Overview
This study is a prospective, single-arm, single-center trial evaluating the efficacy of TACE combined with multimodal ablation, Tislelizumab, and lenvatinib in the treatment of unresectable primary liver cancer.
Description
This study aims to evaluate the efficacy and safety of multimodal ablation combined with Tislelizumab, lenvatinib, and TACE in the treatment of primary liver cancer.

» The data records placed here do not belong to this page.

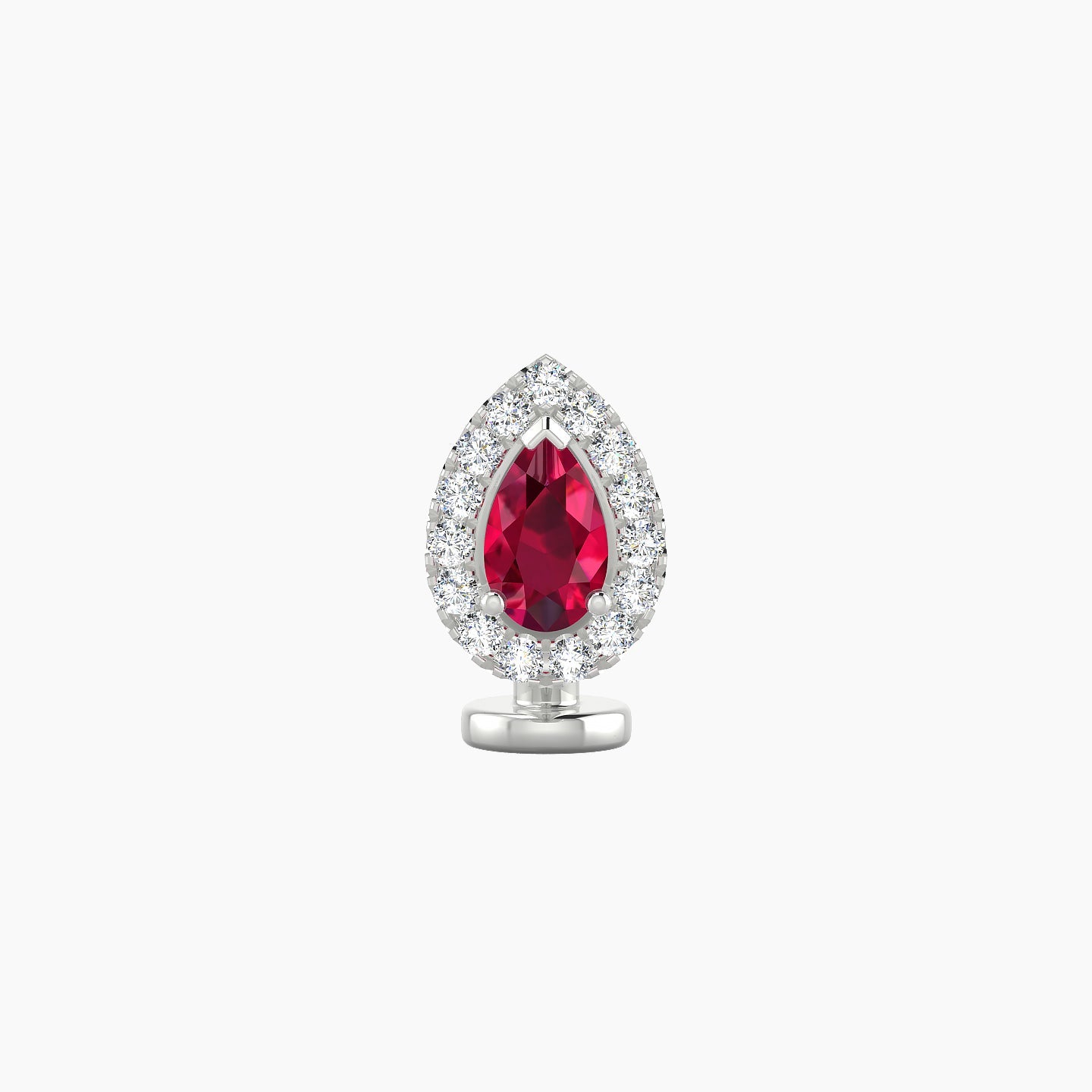 Eirene | 18k White Gold 6 mm 8.5 mm Halo Pear Ruby & Diamond Floating Navel Piercing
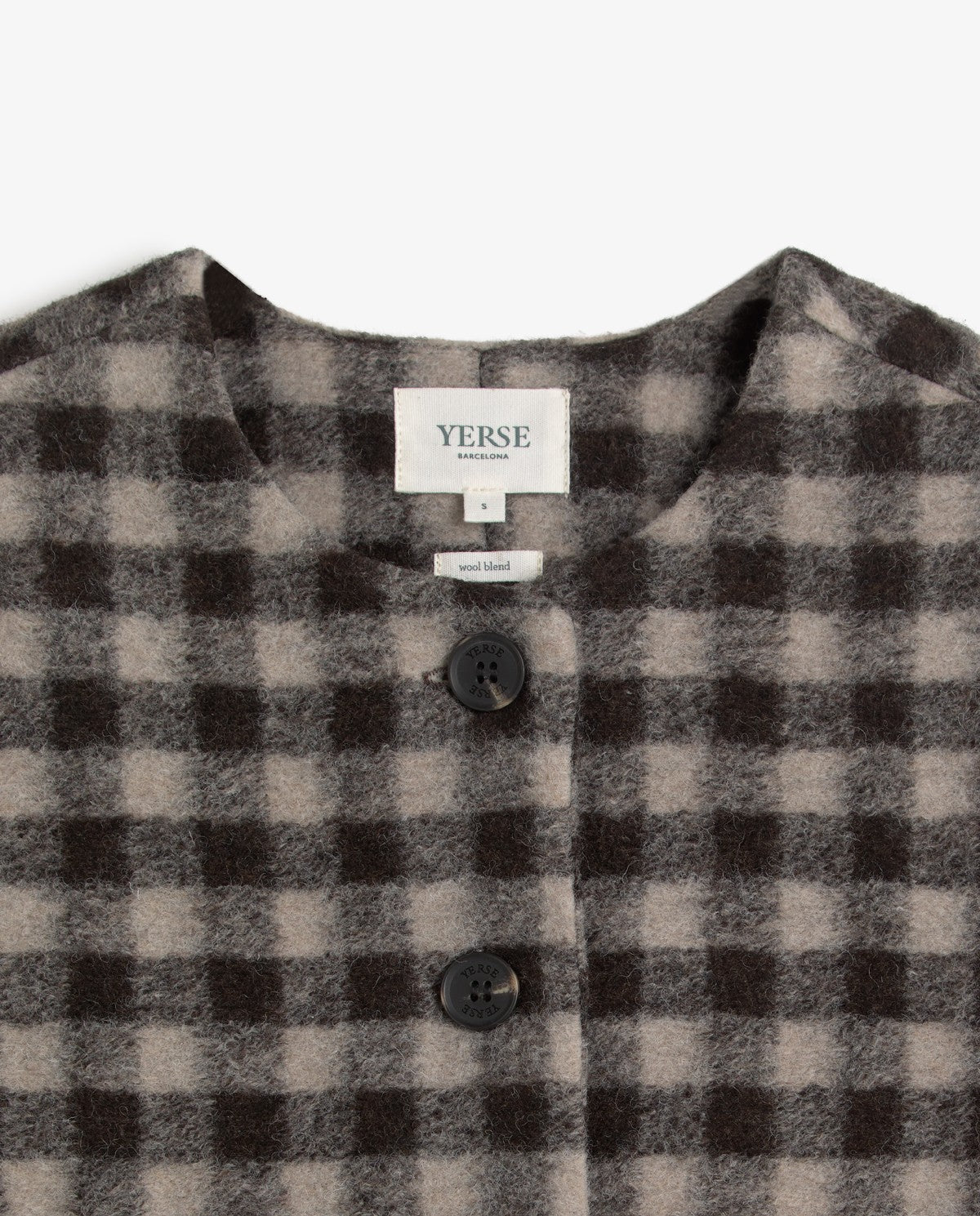 Yerse Boiled Wool Gilet Brown Check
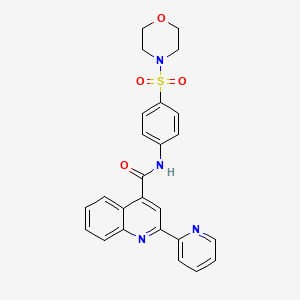 molecular formula C25H22N4O4S B12152146 N-[4-(morpholine-4-sulfonyl)phenyl]-2-(pyridin-2-yl)quinoline-4-carboxamide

By comparing preoperative and postoperative immune markers, the study seeks to clarify the clinical value of multimodal ablation combined with systemic therapy and TACE in the management of primary liver cancer.
Eligibility
Inclusion Criteria:
- Age 18-80 years, regardless of gender.
- Clinically or pathologically confirmed HCC.

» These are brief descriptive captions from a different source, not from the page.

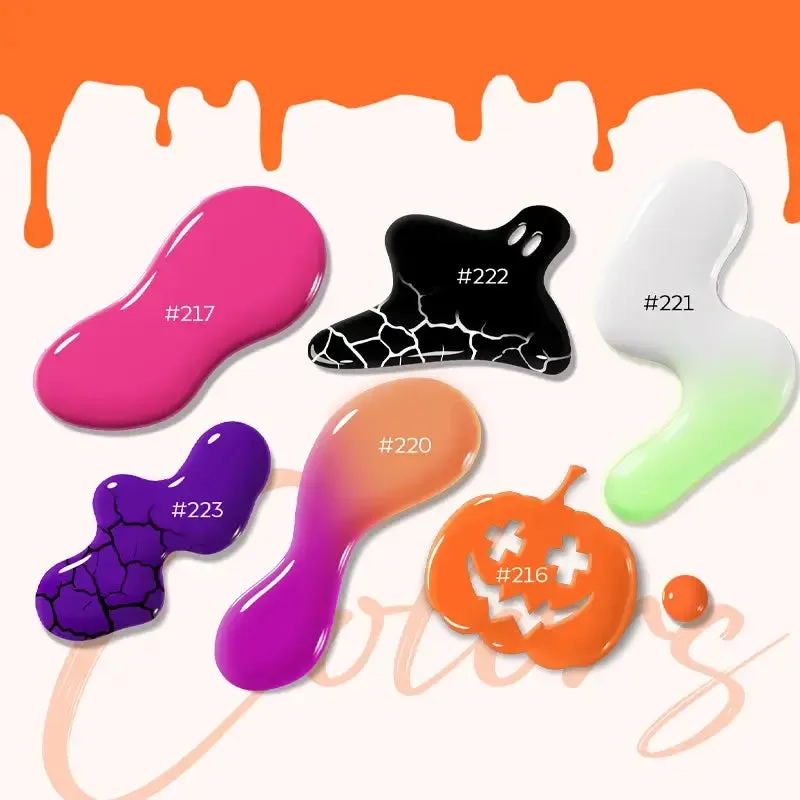 modelones Shattered Mask nagellacksset 6 färger halloween glow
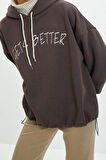 Kadın Moda Şık Relaxed Kapüşonlu Düşük Kol Uzun Kalın İçi Polarlı Triko Bant Detaylı Örme Sweatshirt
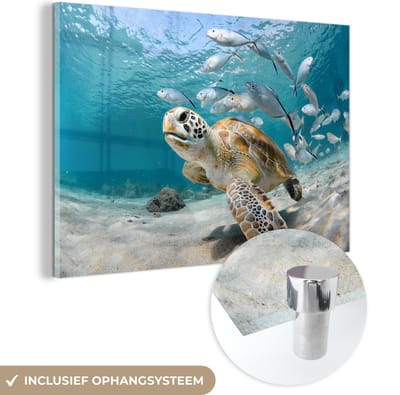 MuchoWow® Glasschilderij 120x80 cm - Schilderij acrylglas - Schildpad - Vis - Zee - Foto op glas - Muurdecoratie woonkamer - Wanddecoratie slaapkamer - Schilderijen
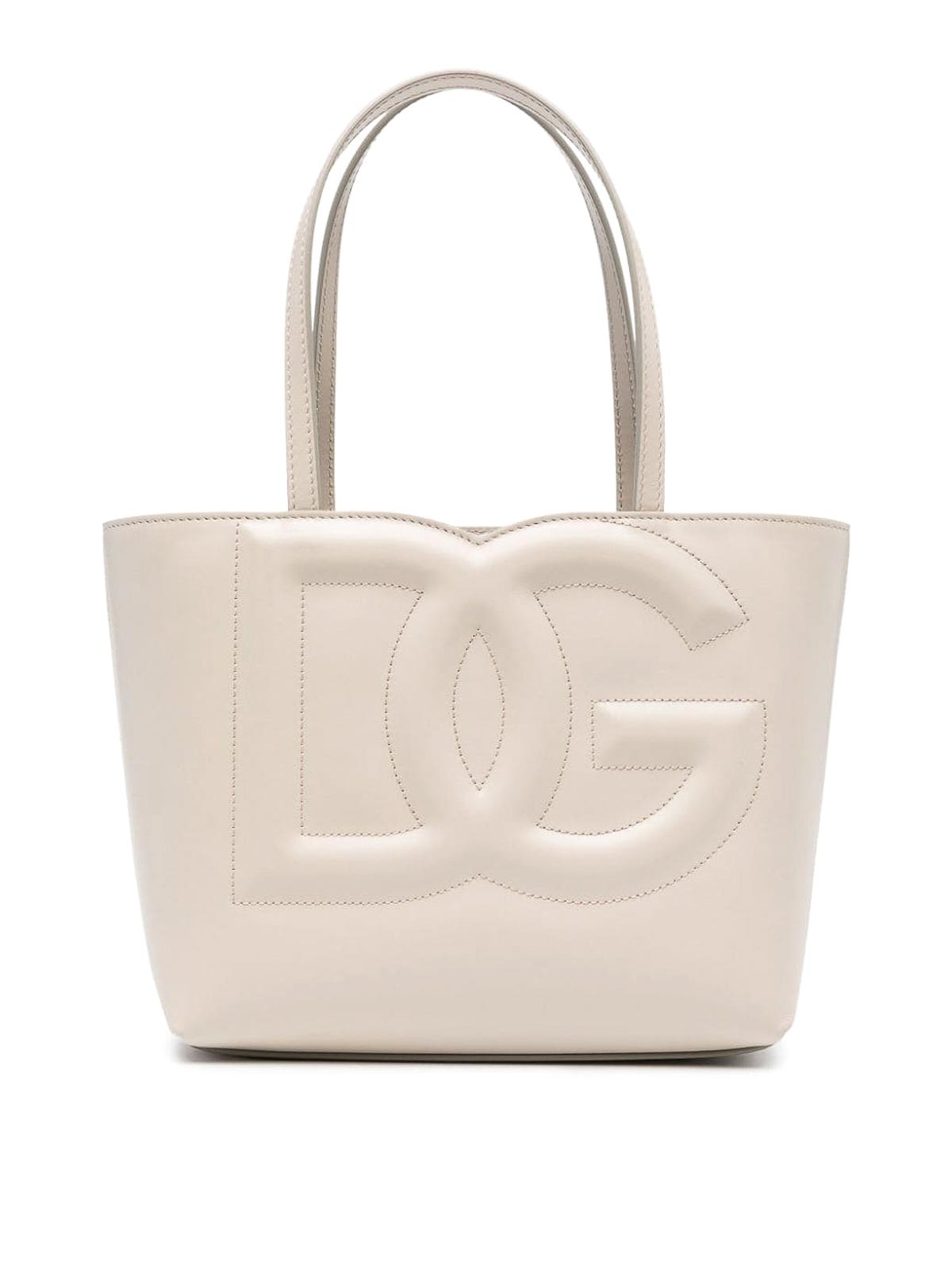 Dolce & Gabbana Dg Logo Leather Tote Bag In White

- CNLC stage IIb-IIIa, deemed unresectable after multidisciplinary evaluation.
- Having radiologically evaluable, untreated target lesions for ablation, with the largest diameter of the target tumor \>5 cm.
- Patients who have not undergone systemic chemotherapy, targeted therapy, or immunotherapy for hepatocellular carcinoma, or those who have been evaluated as SD (stable disease) or PD (progressive disease) after treatment..

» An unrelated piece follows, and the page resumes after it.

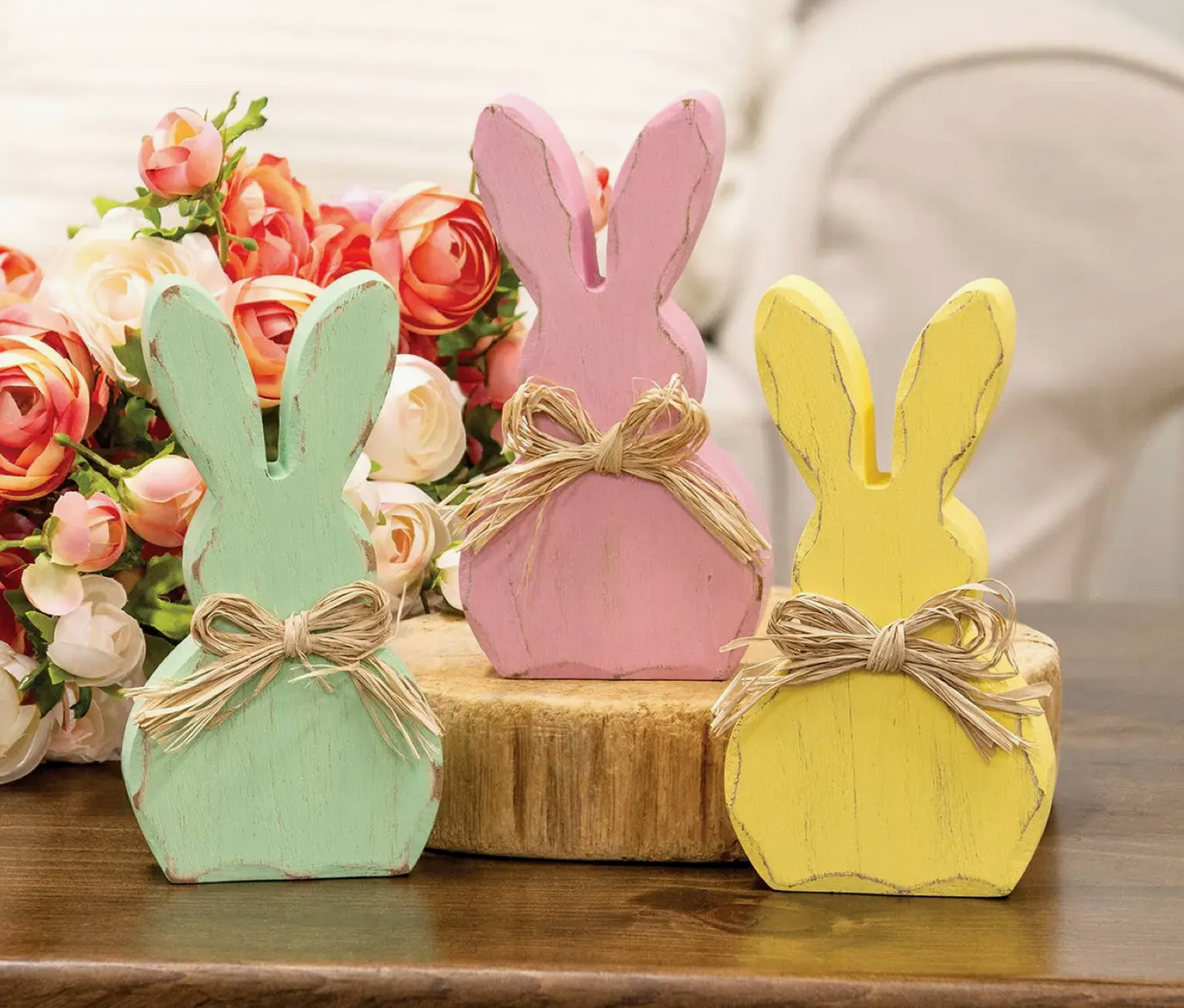 Distressed Wooden Bunny Sitter W/Raffia Bow (sold individually)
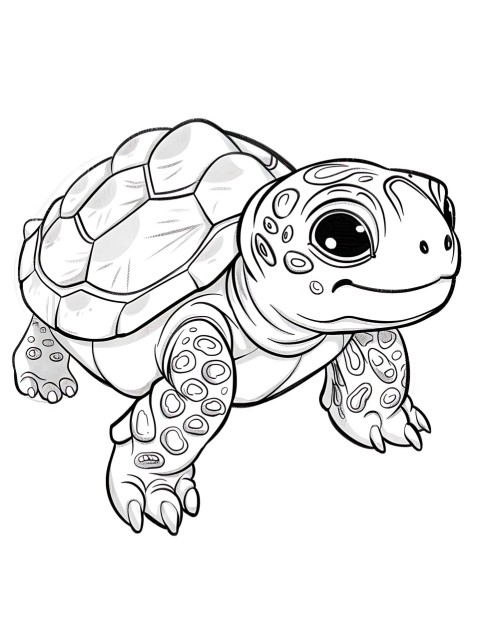 Cute Turtle Coloring Book Pages Simple Hand Drawn Animal illustration Line Art Outline Black and White (143)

- ECOG PS 0-1 and an expected survival \>3 months.
- Child-Pugh score ≤7.
Exclusion Criteria:
- Child-Pugh class C liver dysfunction.
- Tumor thrombus in the main portal vein or hepatic vein.
- Extensive metastatic disease with an expected survival \<3 months.
- Severe dysfunction of major organs (liver, kidney, heart, lung, or brain).
- History of esophageal/gastric variceal bleeding within the past month.
- History of other malignancies.
- Last anti-tumor therapy (e.g., radiotherapy, systemic chemotherapy, or local treatment) within \<1 month.
- Active infection; HBV co-infection (HBV DNA ≥2000 IU/mL or ≥10⁴ copies/mL unless reduced by one log after antiviral therapy); HCV co-infection requiring guideline-directed antiviral treatment; HIV infection; or biliary tract inflammation.
- History of organ transplantation or hepatic encephalopathy.
- Uncorrectable coagulation disorders.
- Refractory massive ascites, pleural effusion, or cachexia.
- Pregnancy, impaired consciousness, or inability to comply with treatment.
- High tumor burden (sum of the largest liver lesion diameter and number of liver lesions \>12).
- Any other condition deemed unsuitable by investigators that may affect study participation.